■ **Source information**

-*-

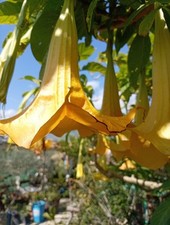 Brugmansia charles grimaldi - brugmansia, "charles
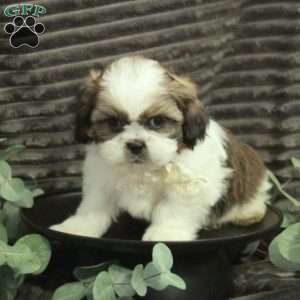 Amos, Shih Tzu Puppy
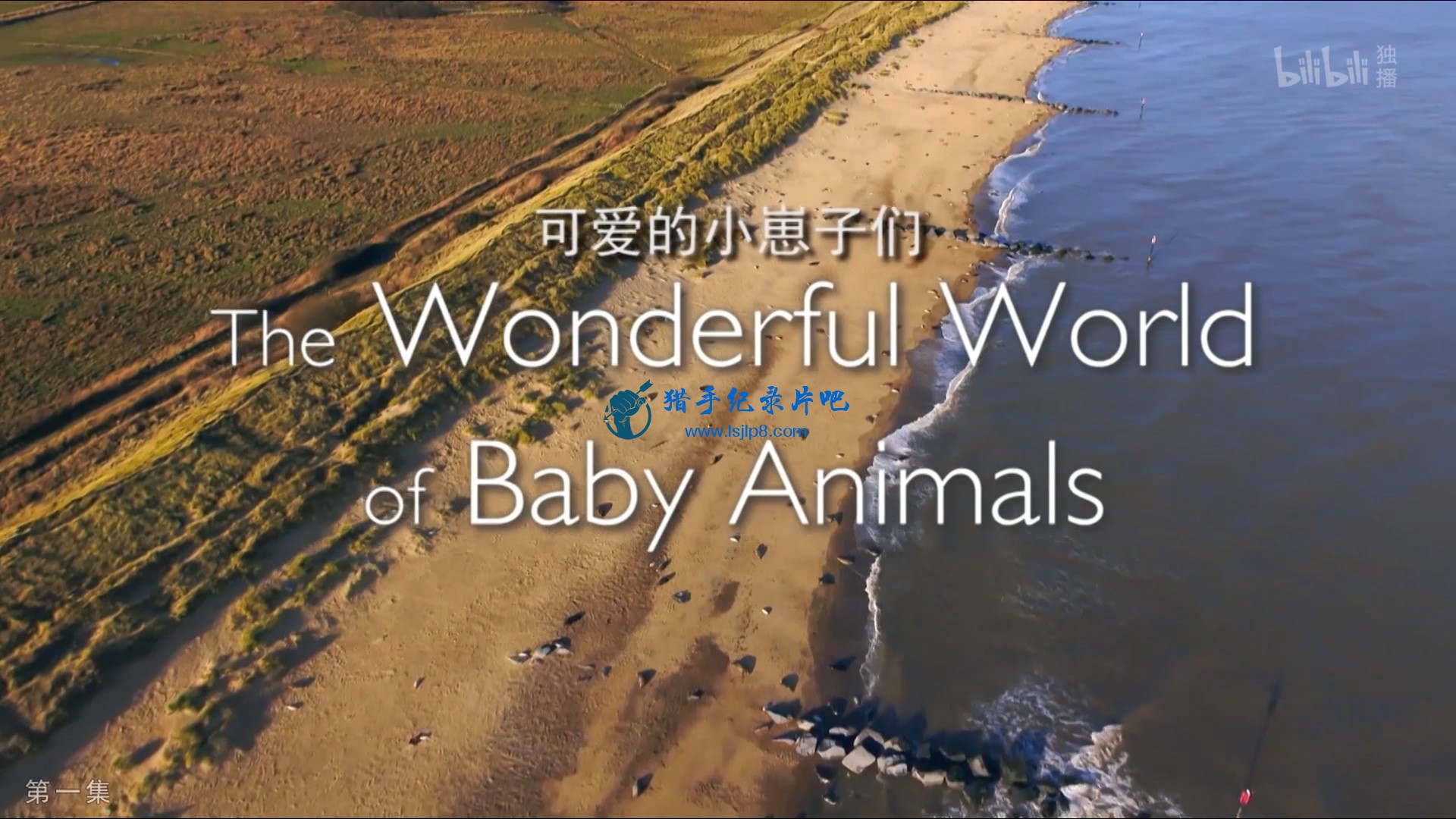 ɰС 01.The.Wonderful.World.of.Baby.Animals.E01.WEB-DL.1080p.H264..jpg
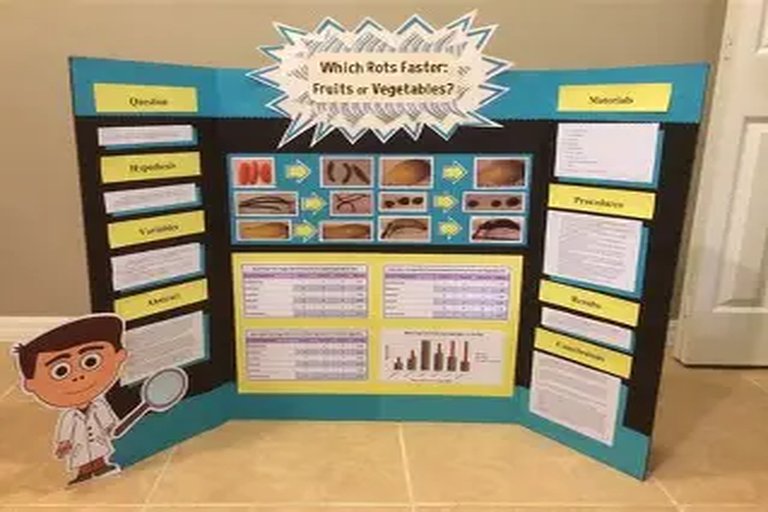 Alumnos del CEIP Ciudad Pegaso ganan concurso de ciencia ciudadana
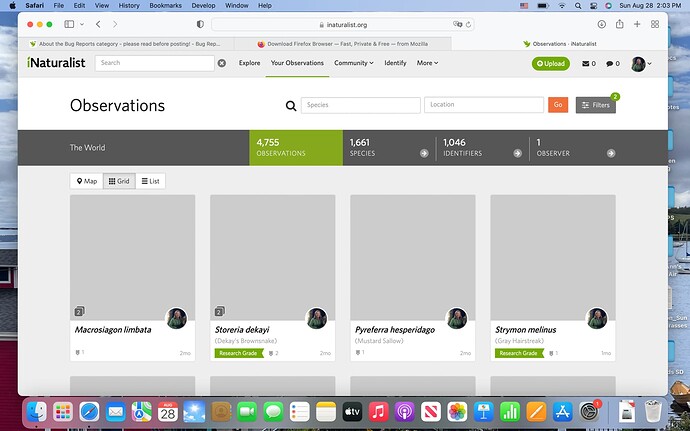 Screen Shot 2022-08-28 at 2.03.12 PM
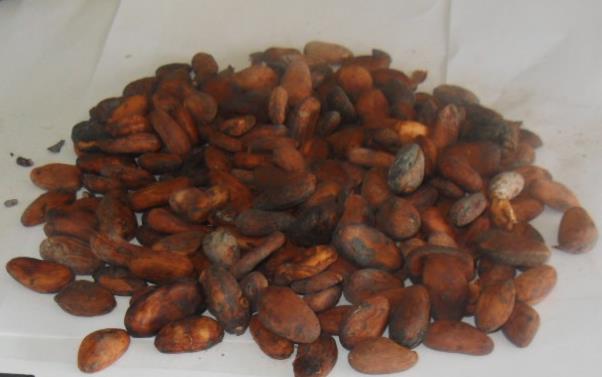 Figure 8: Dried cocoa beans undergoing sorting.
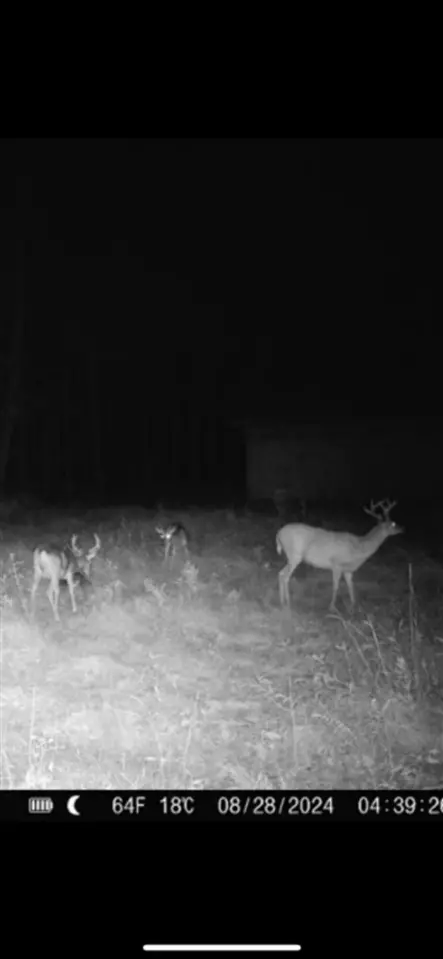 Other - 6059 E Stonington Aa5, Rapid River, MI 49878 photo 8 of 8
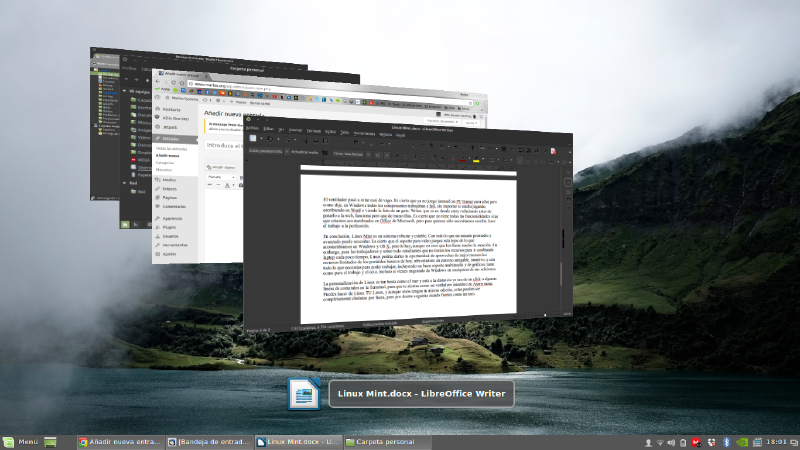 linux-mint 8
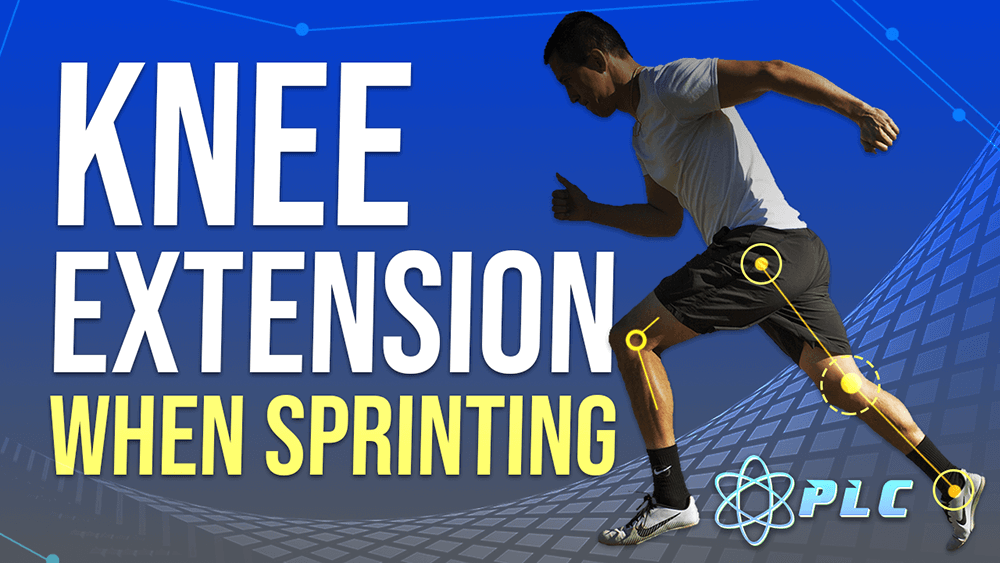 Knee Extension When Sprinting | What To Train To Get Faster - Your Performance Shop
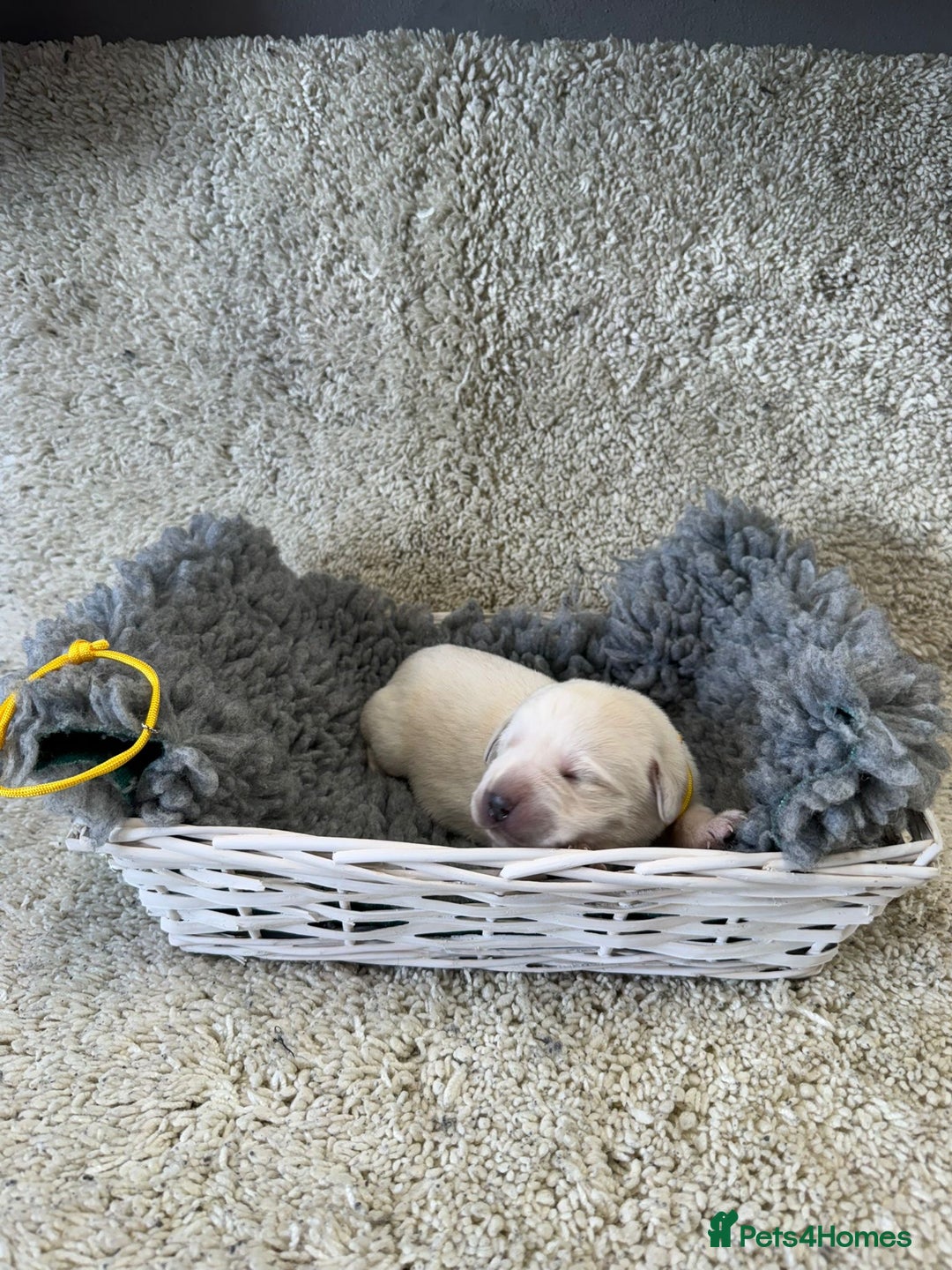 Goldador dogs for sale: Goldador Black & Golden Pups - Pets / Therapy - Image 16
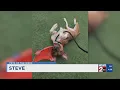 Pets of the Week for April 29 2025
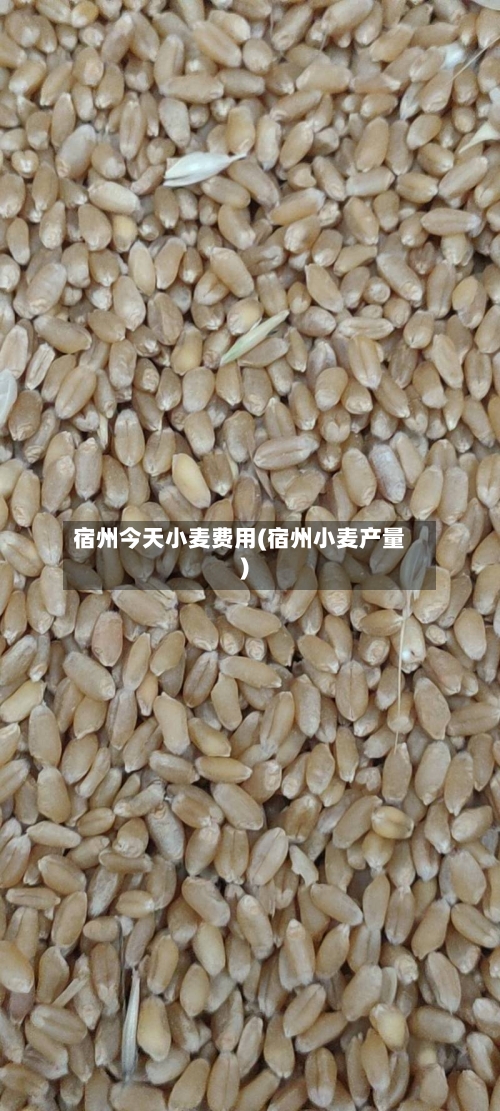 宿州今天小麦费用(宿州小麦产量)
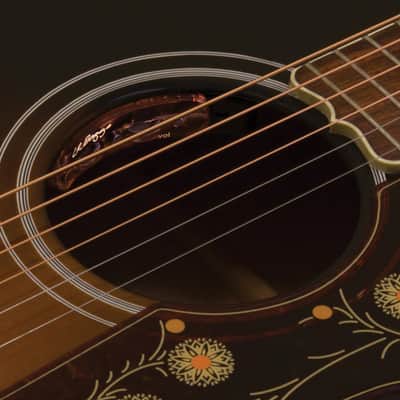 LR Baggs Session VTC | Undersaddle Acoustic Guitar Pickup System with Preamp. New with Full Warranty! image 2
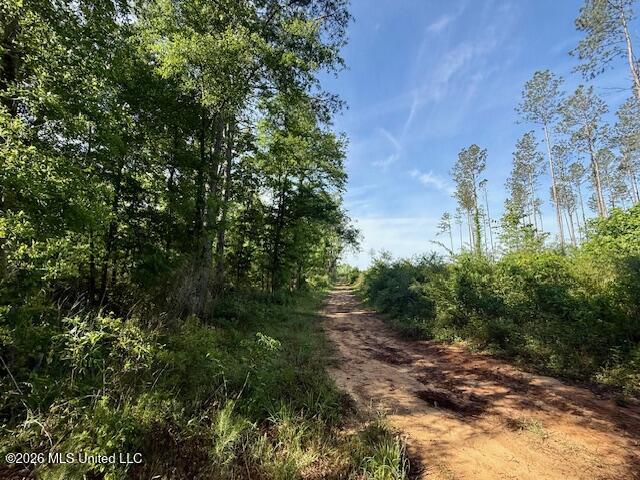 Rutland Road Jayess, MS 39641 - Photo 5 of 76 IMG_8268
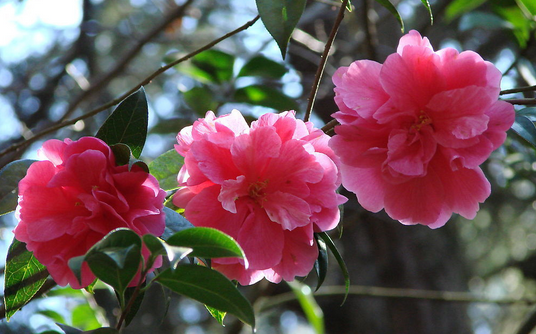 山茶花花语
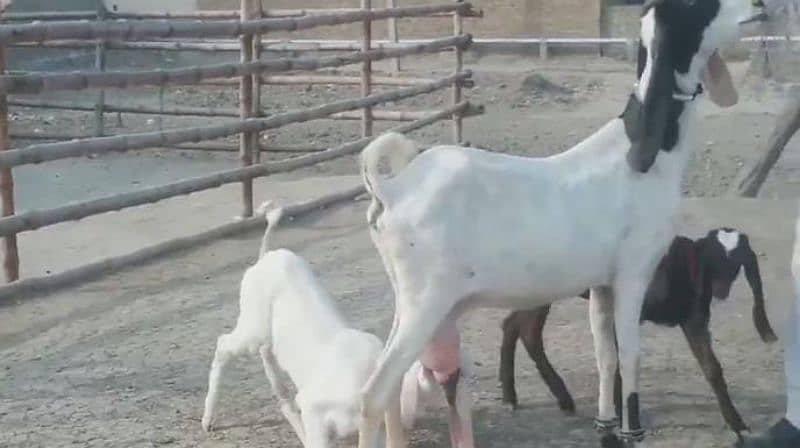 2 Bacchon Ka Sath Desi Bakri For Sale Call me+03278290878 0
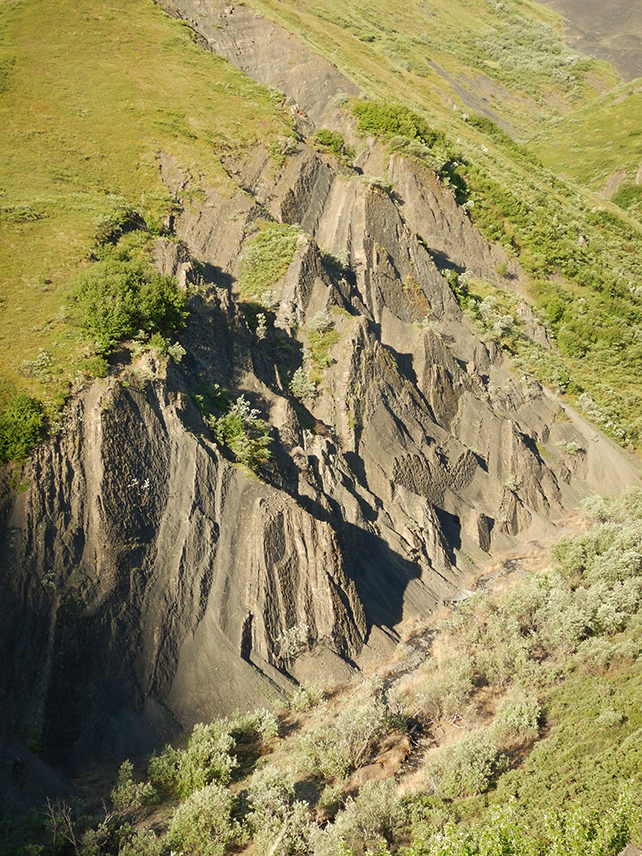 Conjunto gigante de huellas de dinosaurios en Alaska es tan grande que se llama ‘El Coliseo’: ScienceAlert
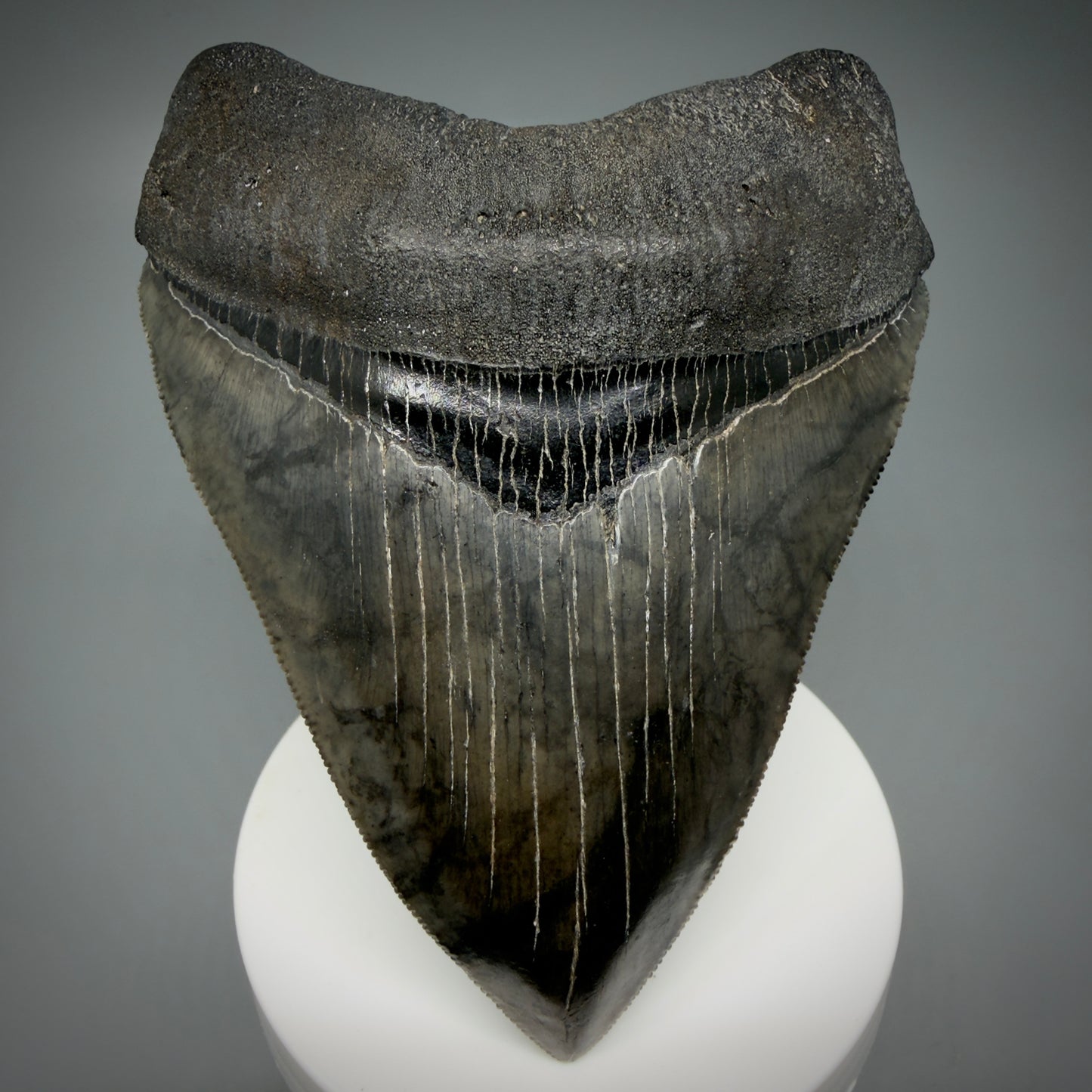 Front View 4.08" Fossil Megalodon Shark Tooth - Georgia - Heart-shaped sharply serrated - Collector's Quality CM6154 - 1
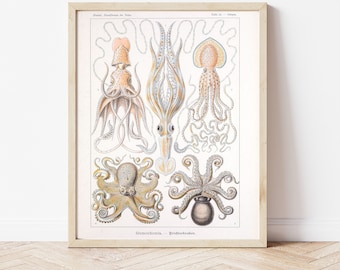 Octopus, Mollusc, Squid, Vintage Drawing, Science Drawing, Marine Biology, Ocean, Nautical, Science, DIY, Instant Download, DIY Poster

-*-

■ **What you should do**
Your answer must be the exact lines from the records above, from the one containing "Screen Shot 2022-08-28 at 2.03.12 PM" through the one containing "Knee Extension When", both included, with every picture left out.

■ **Answer to the problem**
 Screen Shot 2022-08-28 at 2.03.12 PM
 Figure 8: Dried cocoa beans undergoing sorting.
 Other - 6059 E Stonington Aa5, Rapid River, MI 49878 photo 8 of 8
 linux-mint 8
 Knee Extension When Sprinting | What To Train To Get Faster - Your Performance Shop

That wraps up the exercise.